Key Experimental Results

Main Results

Dataset Metric CMDM (FSS) Prev. SOTA (SALAD) Gain
HumanML3D R-Top1 0.588 0.581 +0.007
HumanML3D FID 0.068 0.076 −0.008
HumanML3D CLIP-Score 0.685 0.671 +0.014
SnapMoGen R-Top1 0.831 0.802 (MoMask++) +0.029
SnapMoGen FID 14.451 15.061 (MoMask++) −0.610

Long-sequence generation (compared with FlowMDM and MARDM):

Dataset Subsequence FID↓ Transition AUJ↓ Note
HumanML3D CMDM 0.12 0.42 Substantially outperforms FlowMDM (0.29/0.51)
SnapMoGen CMDM 32.49 70.35 Subsequence quality far exceeds MARDM (40.80)

Ablation Study

Configuration R-Top1 FID Transition AUJ
Full CMDM 0.588 0.068 0.42
Standard VAE (w/o language alignment) 0.561 0.107 0.52
C-VAE (w/o language alignment) 0.575 0.070 0.44
Full-sequence diffusion (w/o causality) 0.591 0.071 0.72
w/o AdaLN 0.583 0.076 0.47
w/o RoPE 0.581 0.087 0.51
FSS K=50, L=5 0.583 0.077 0.38

Key Findings

  • Remarkable efficiency: CMDM has only 114M parameters and achieves 125 fps in FSS mode (vs.

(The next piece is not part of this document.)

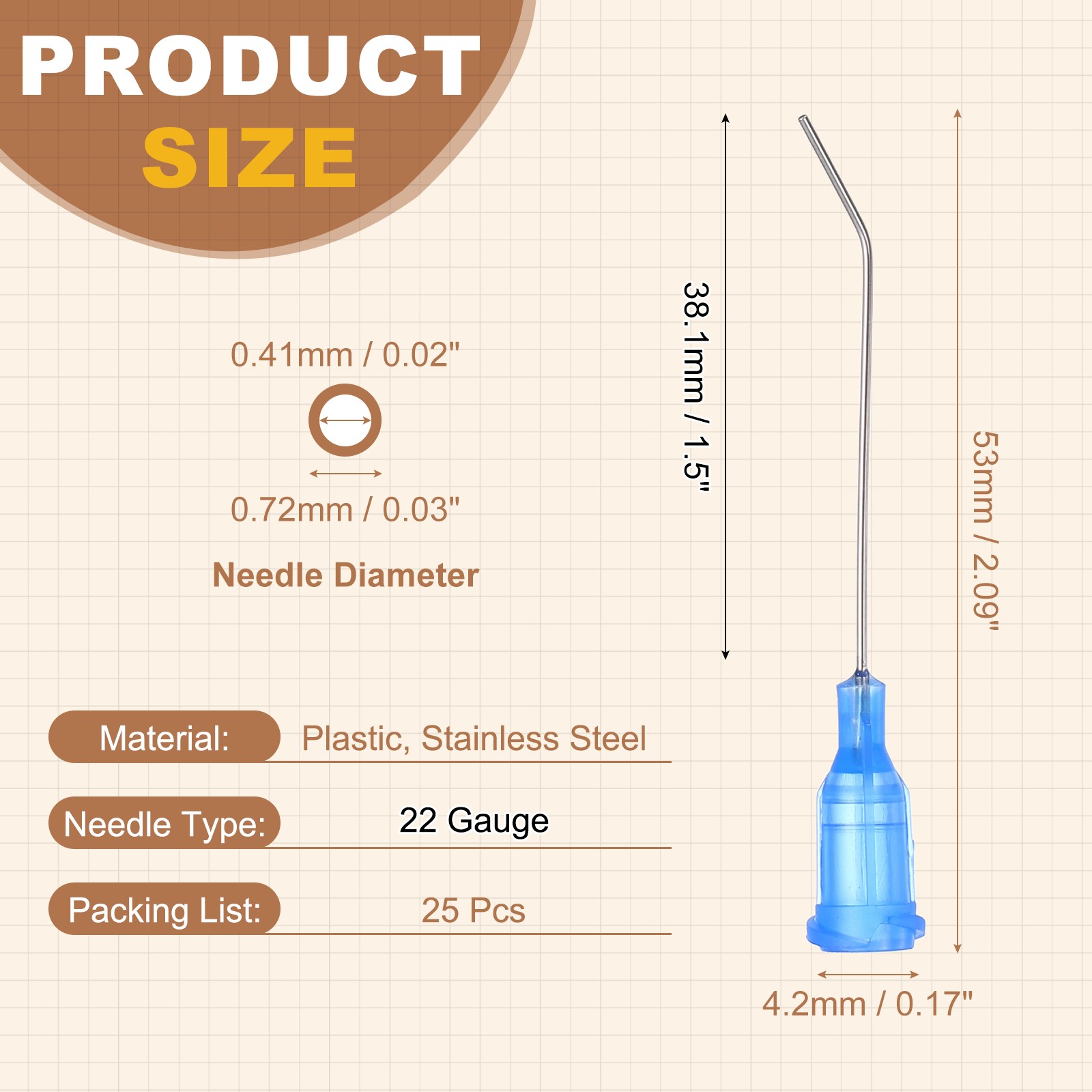 25Pcs 1.5Inch 22Ga 45° Angled Dispensing Needles, Blue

MARDM at 310M/20 fps and MotionStreamer at 318M/11 fps), representing an order-of-magnitude speedup.
  • Full-sequence diffusion yields marginally higher R-Top1 on single-step T2M, but its transition AUJ nearly doubles (0.72 vs. 0.42), confirming that causal diffusion is critical for long-sequence coherence.
  • The language alignment in MAC-VAE primarily improves semantic consistency rather than low-level motion quality.
  • \(L=5\) in FSS produces the smoothest transitions (AUJ = 0.38) at a slight cost to semantic accuracy.

Highlights & Insights

  • The paper successfully transfers Diffusion Forcing from next-token prediction to motion generation, unifying the diffusion and autoregressive paradigms through frame-wise independent noise.
  • FSS is a highly practical inference acceleration strategy: by controlling the propagation of "uncertainty cascades" along the causal chain, it offers a flexible trade-off between speed and quality.
  • The semantic alignment supervision in MAC-VAE endows the latent space with both causal structure and semantic meaningfulness; this dual-constraint design is worth emulating.
  • With 2–3× fewer parameters than competing methods yet superior performance, the results suggest that architectural design matters more than model scale.

Limitations & Future Work

  • For highly abstract or ambiguous text descriptions, performance is bounded by the quality of the pretrained motion-language model (Part-TMR).
  • Very long sequences (on the order of minutes) may still accumulate subtle temporal artifacts, necessitating motion-aware feedback or adaptive anchoring mechanisms.
  • The current framework supports only single-person motion and has not been extended to multi-person interaction scenarios.
  • The optimal combination of \(K\) and \(L\) in FSS requires task-specific hyperparameter tuning.
  • Diffusion Forcing [Chen et al., 2024] is the inspiration for the frame-wise independent noise design; however, the original formulation targets next-token prediction, whereas CMDM extends it to continuous motion spaces.
  • MLD/MotionLCM demonstrate strong results by performing full-sequence diffusion in latent space, but CMDM shows that causal constraints can yield streaming capability without sacrificing quality.
  • MARDM/MotionStreamer adopt masked autoregressive architectures with diffusion heads but incur large parameter counts and slow inference.

Rating

  • Novelty: ⭐⭐⭐⭐ First framework to unify diffusion and autoregressive generation in a motion-language-aligned causal latent space.
  • Experimental Thoroughness: ⭐⭐⭐⭐⭐ Two benchmarks + long-sequence evaluation + comprehensive ablations across VAE, diffusion, and sampling dimensions + efficiency analysis.
  • Writing Quality: ⭐⭐⭐⭐ Clear structure, complete mathematical derivations, and sufficient experimental detail.
  • Value: ⭐⭐⭐⭐⭐ Strong practical utility for real-time motion generation; 125 fps inference speed has direct application value.